Initiated by China, the AIIB was formally launched earlier this year, with 57 founding members including South Korea, in a bid to promote economic growth in the Asian region by supporting infrastructure investment. South Korea has a 3.81 percent stake, the fifth largest among member countries.
The country is also moving aggressively to strengthen economic ties with the African continent.
Yoo also said that Asia’s fourth-largest economy has been showing weak recovery momentum due to sluggish exports and investment amid a protracted slowdown in the global economy.
“As the world economy has entered a low-growth cycle, coupled with low oil prices and financial volatility, we face heightening external uncertainties,” the minister said. “South Korea’s export, investment and other private sectors are losing vitality, failing to give firm recovery momentum to the economy.”
South Korea’s exports, the country’s key economic driver, sank 11.2 percent in April, extending their losing streak to 16 straight months.

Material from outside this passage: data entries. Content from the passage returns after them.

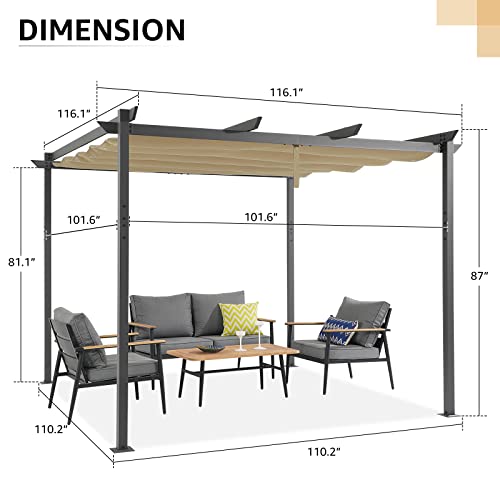 COBANA 10' x 10' Outdoor Pergola, Aluminum Patio Shade Shelter for Garden, Porch, Backyard, Beige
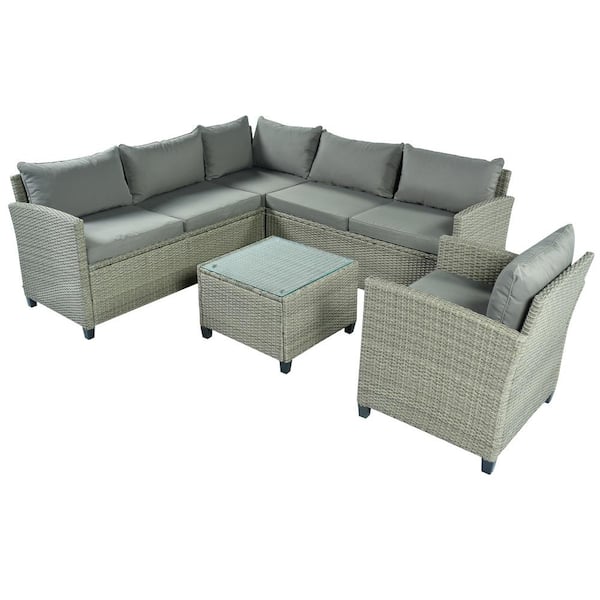 Tunearary Grey 5-Piece Rattan Patio Furniture Set with Coffee Table, Black Cushions and Single Chair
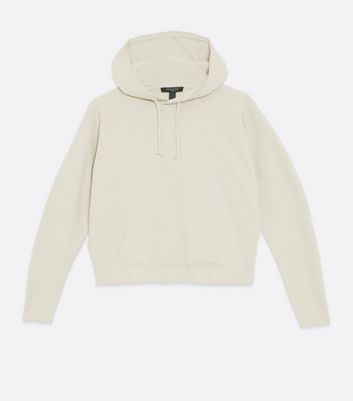 Off White Waffle Pocket Front Hoodie New Look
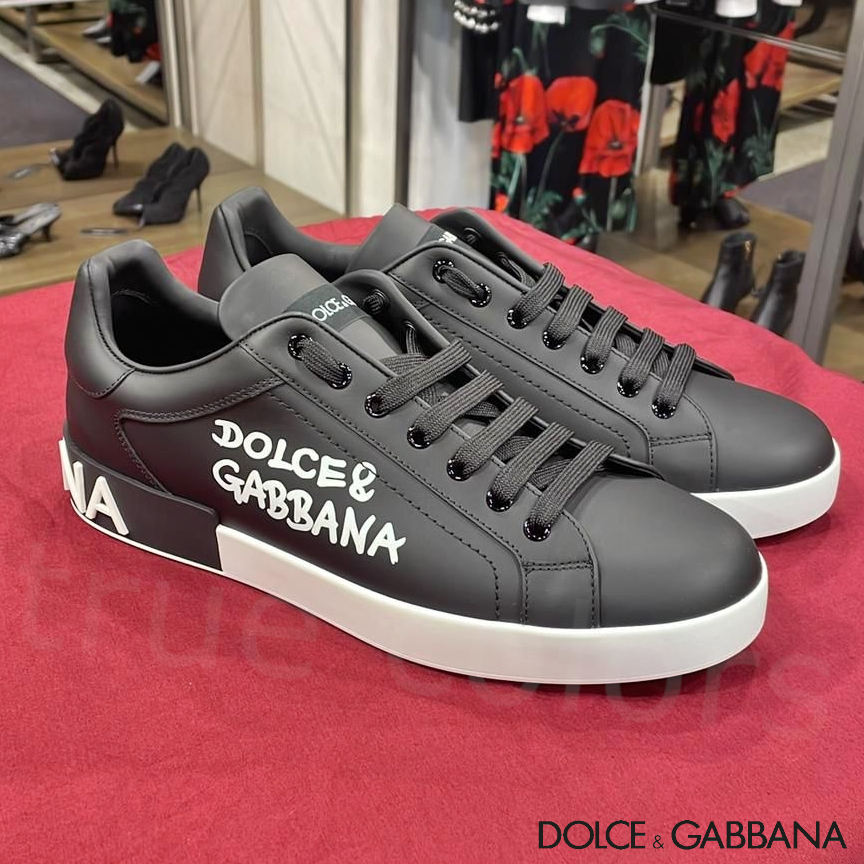 DOLCE&GABBANA グラフィックロゴ Portofin スニーカー*黒x白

Industrial output, closely linked to outbound shipments, fell 1.5 percent in March due to the sluggish semiconductor sector, while the manufacturing capacity utilization rate stayed low at 73.2 percent.
Facility investment marked a 7.8 percent fall in March, nearly unchanged from a 7.7 percent fall in the previous month.
For the first quarter of this year, gross domestic product (GDP) grew 0.4 percent from three months earlier, down from a 0.7 percent on-quarter expansion for the fourth quarter of last year.
The finance minister said a groundbreaking change is needed to make a turnaround in exports, which account for more than 50 percent of the country’s GDP.
“It is important for us to seek a new breakthrough to revive the vitality of exports,” said Yoo, who also doubles as deputy prime minister for economic affairs.
He said the newly-opened Iranian market can be one of the best business options for South Korean exporters, citing President Park Geun-hye’s landmark visit to Iran that led to the signing of a number of memorandums of understanding on joint economic projects valued at US$37.1 billion.
“We have to find ways to realize these opportunities into business outcomes and contribute to providing fresh momentum to the economy,” he added.
He stressed that the government will come up with timely measures to deal with the downside economic cycle and take decisive action to lead sweeping structural reform in the corporate and industrial sectors.
Meanwhile, the BOK slashed its growth outlook for 2016 to 2.8 percent from a 3.0 percent forecast and the International Monetary Fund downgraded its estimate to 2.7 percent, citing waning global demand and low oil prices.
However, the finance ministry remained unchanged at 3.1 percent growth estimate, saying that private consumption is brisk enough to prop up the economy, but analysts predict that it may cut the growth estimate next month.